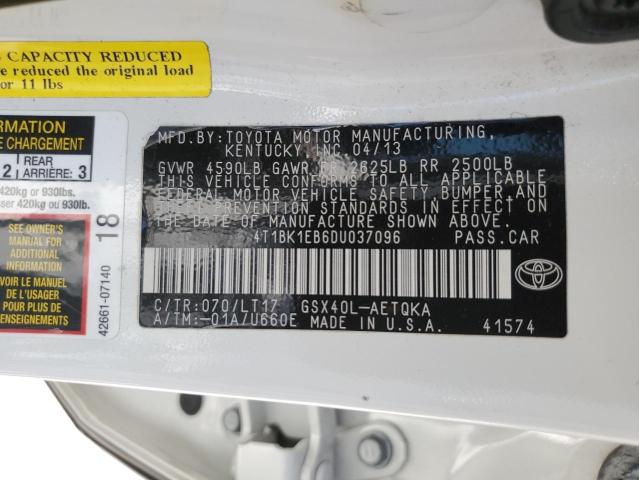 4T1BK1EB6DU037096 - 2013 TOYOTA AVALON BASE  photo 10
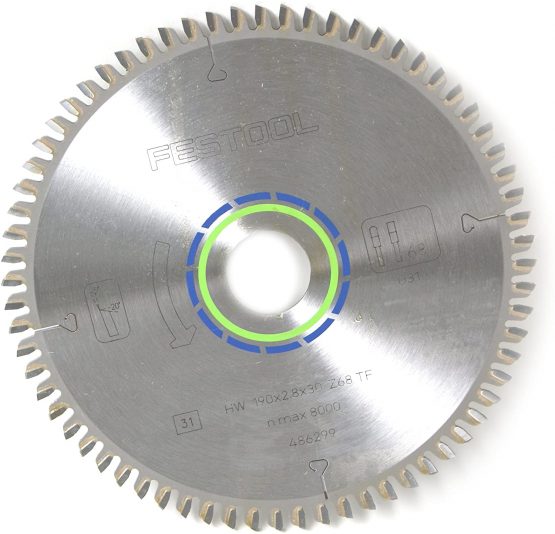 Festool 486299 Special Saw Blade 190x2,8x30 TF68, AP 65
---
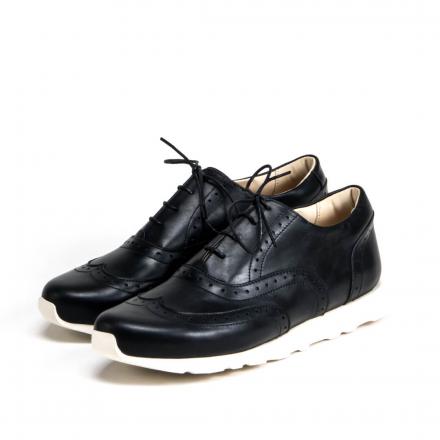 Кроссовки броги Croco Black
...
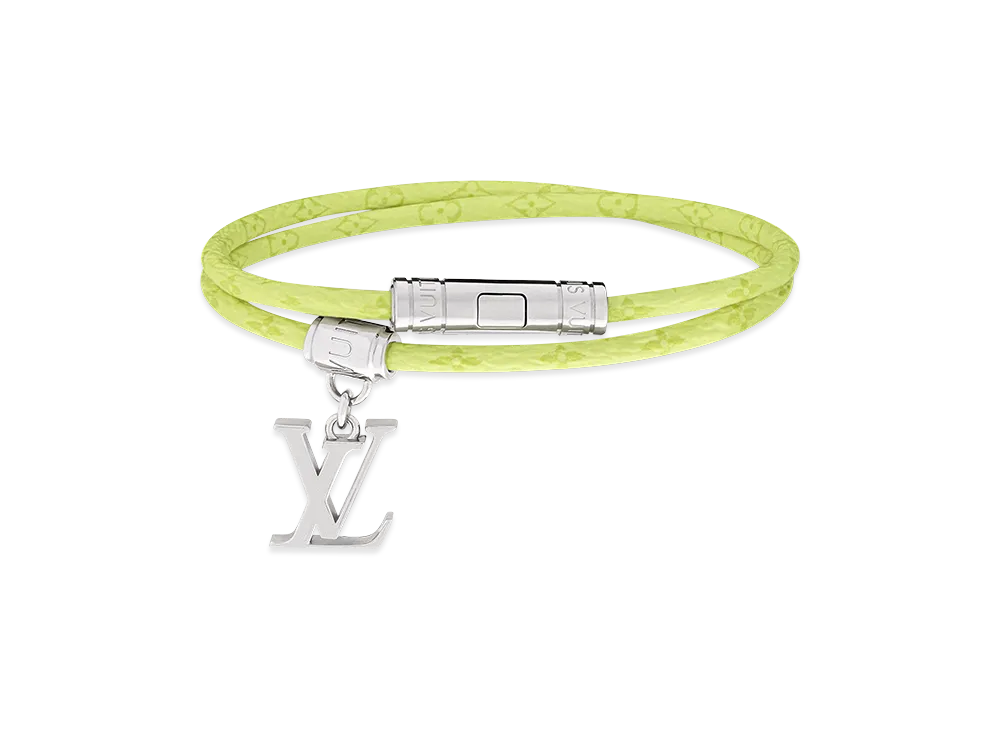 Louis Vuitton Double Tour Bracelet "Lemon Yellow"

• **WORK REQUIRED**
Give back exactly the lines of the listing above from the one that contains "4T1BK1EB6DU037096 - 2013" up to and including the one that contains "Festool 486299 Special", but not the pictures, and no other lines.

• **ANSWER SECTION**
 4T1BK1EB6DU037096 - 2013 TOYOTA AVALON BASE  photo 10
 Festool 486299 Special Saw Blade 190x2,8x30 TF68, AP 65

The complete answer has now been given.